2. Toothpick colony into each well or add 10 uL of overnight culture
3. Heat in thermal cycler to 95C for 5 or 10 minutes. Heat blocks are not recommended, as the protocol does not work as well if the temperature is 93C rather than 95C.
4. Spin down the plate or tubes so that any cell debris is pelleted at the bottom of the tube/well. This removes the inhibitory components from the supernatant.
5. Carefully transfer 25 uL of supernatant to the PCR reaction, being careful not to disturb the bottom of the tube/well, even if you can't see any pellet.
6. PCR with forward and reverse to check for single/double inserts. Use vector only for a control.
hi makosad05 and tfitzwater,
Thanks for your replies!
I use the same primers as my inserts, 40cycles
my PCR reaction is 10ul
I try this again 
I just added another 50ul of distilled water as u suggested.
But unfortunately, still nothing turned up
Have tried on 36 samples !
Did u do any serial dilutions, or change the volumes of Colony dilutons for your PCR screen?

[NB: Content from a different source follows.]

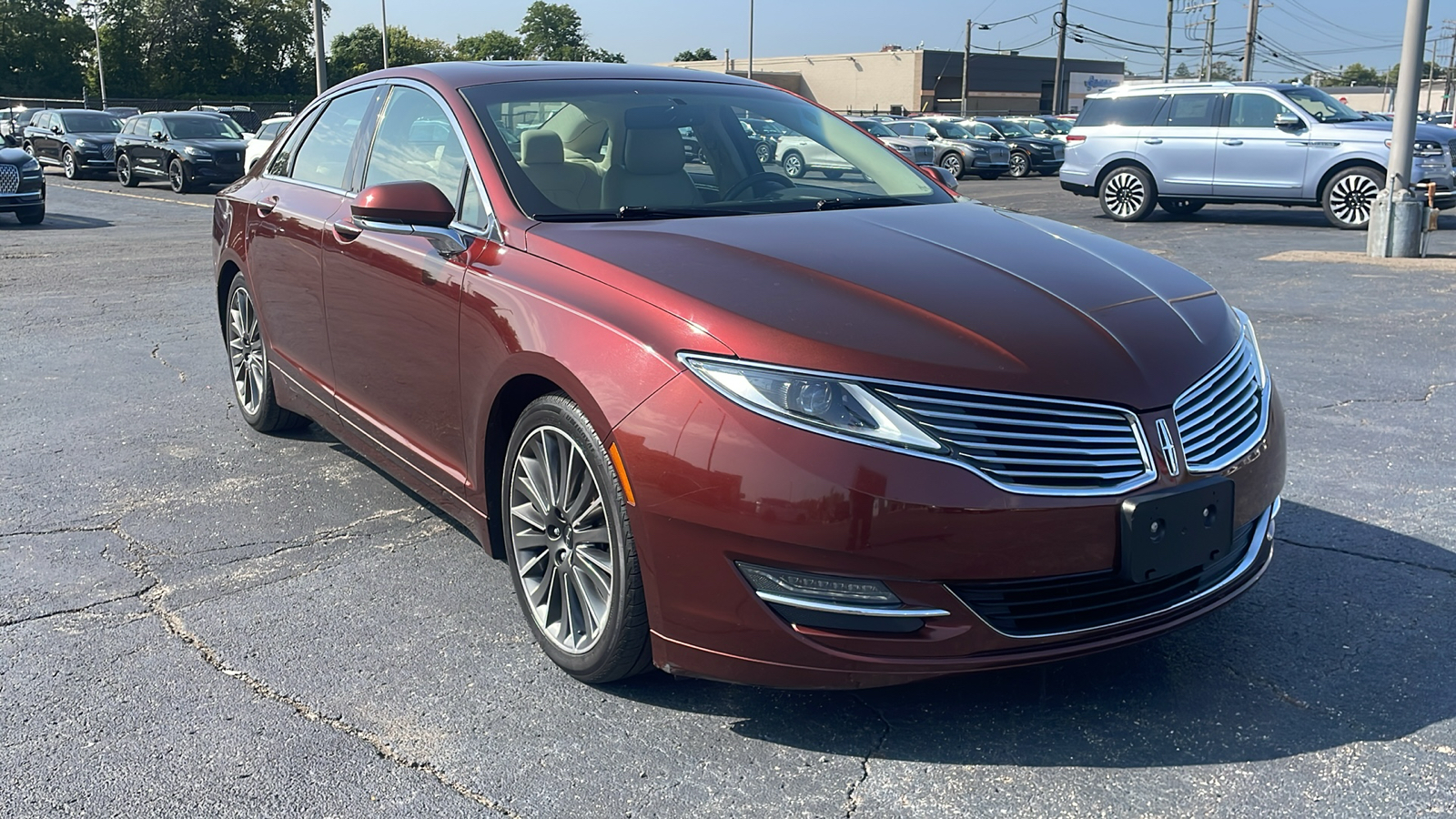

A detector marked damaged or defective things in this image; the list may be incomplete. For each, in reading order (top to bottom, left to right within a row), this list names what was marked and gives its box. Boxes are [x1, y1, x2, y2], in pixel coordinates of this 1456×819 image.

parking lot crack [1274, 535, 1456, 579]
parking lot crack [841, 695, 888, 819]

Anyway, I'll be repeating the TA cloning step once more since my plate is about 4days old now
Is there any other factors other than colony dilutions? I've browsed through the forum and it seems that there are also other members facing similar problems: picking up white colonies but not finding the inserts~
I'd like to foresee any upcoming problems and be mentally prepared~
Thanks!
The PCR product size. I find that under colony PCR conditions, Taq polymerase is reliably only for amplification of 900bp products and below. Anything larger, and the reaction's success becomes uncertain. If your product is on the large side, I would try reducing the extention temperature (to around 70 Celsius - 68 Celsius) compensating by increased extention time. (50% longer)
tm- what is the tm of your primers? Like any PCR reaction, all rules concerning primers design apply. There shouldn't be too large a difference between primers melting temperature.
The rule of the tumb for annealing tempearture is (tm - 5 Celsius). You can reduce the annealing temperature, a little further.
I would also consider testing more colonies, up to 72.
Lastly, there is there is the possibility that there the colony PCR isn't working because there aren't any colonies which are positive.